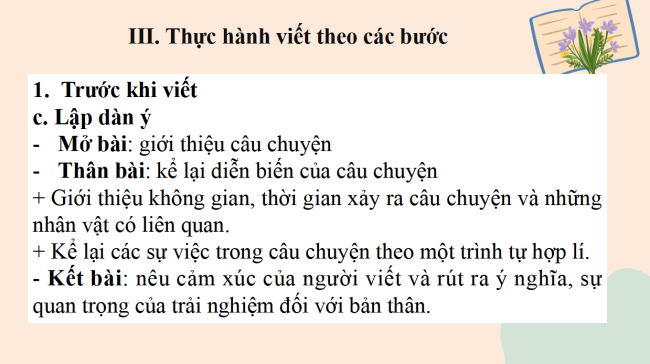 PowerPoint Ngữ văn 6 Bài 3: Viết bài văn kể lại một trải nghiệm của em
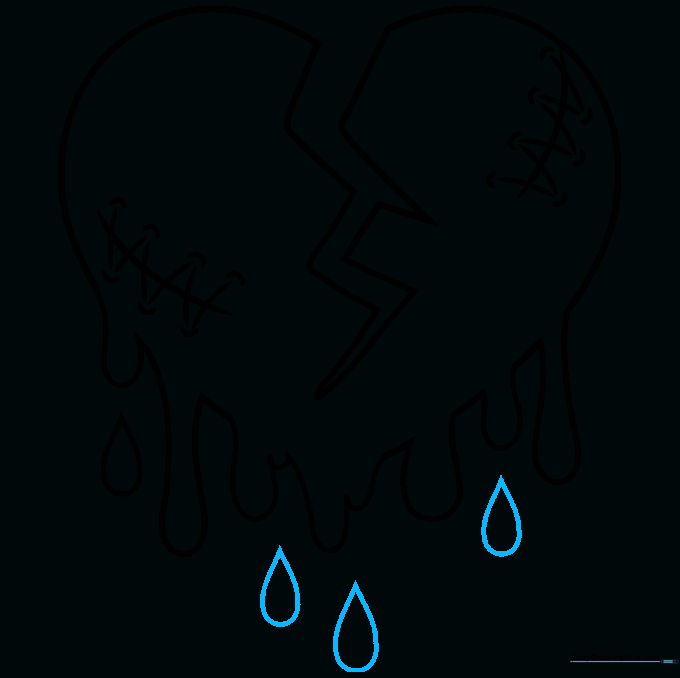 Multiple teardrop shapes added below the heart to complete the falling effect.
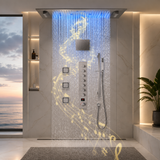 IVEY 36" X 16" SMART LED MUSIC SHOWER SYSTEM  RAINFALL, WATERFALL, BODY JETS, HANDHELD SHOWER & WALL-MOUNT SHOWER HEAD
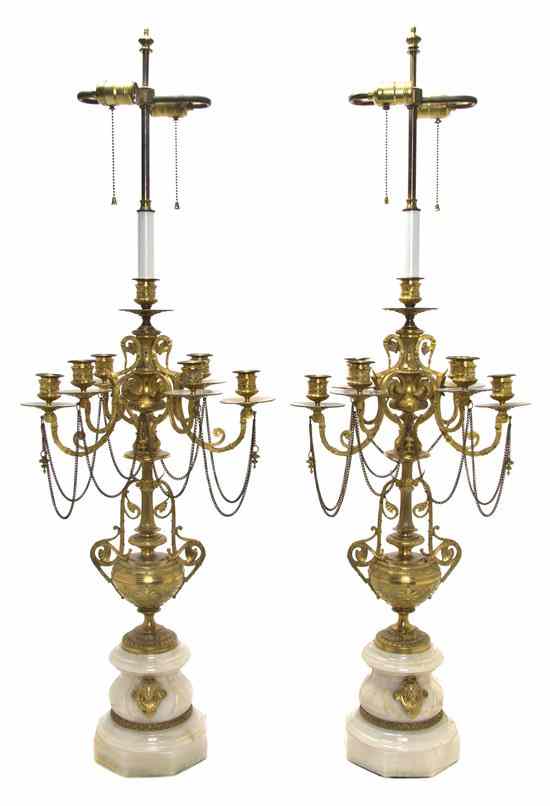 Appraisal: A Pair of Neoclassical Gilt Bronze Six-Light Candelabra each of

#####

### WHAT TO DO
Which lines fall between the one containing "WALL-MOUNT SHOWER HEAD" and the last line of the listing, both included? Give them again exactly, without the pictures.

### ANSWER TO THIS EXERCISE
 IVEY 36" X 16" SMART LED MUSIC SHOWER SYSTEM  RAINFALL, WATERFALL, BODY JETS, HANDHELD SHOWER & WALL-MOUNT SHOWER HEAD
 Appraisal: A Pair of Neoclassical Gilt Bronze Six-Light Candelabra each of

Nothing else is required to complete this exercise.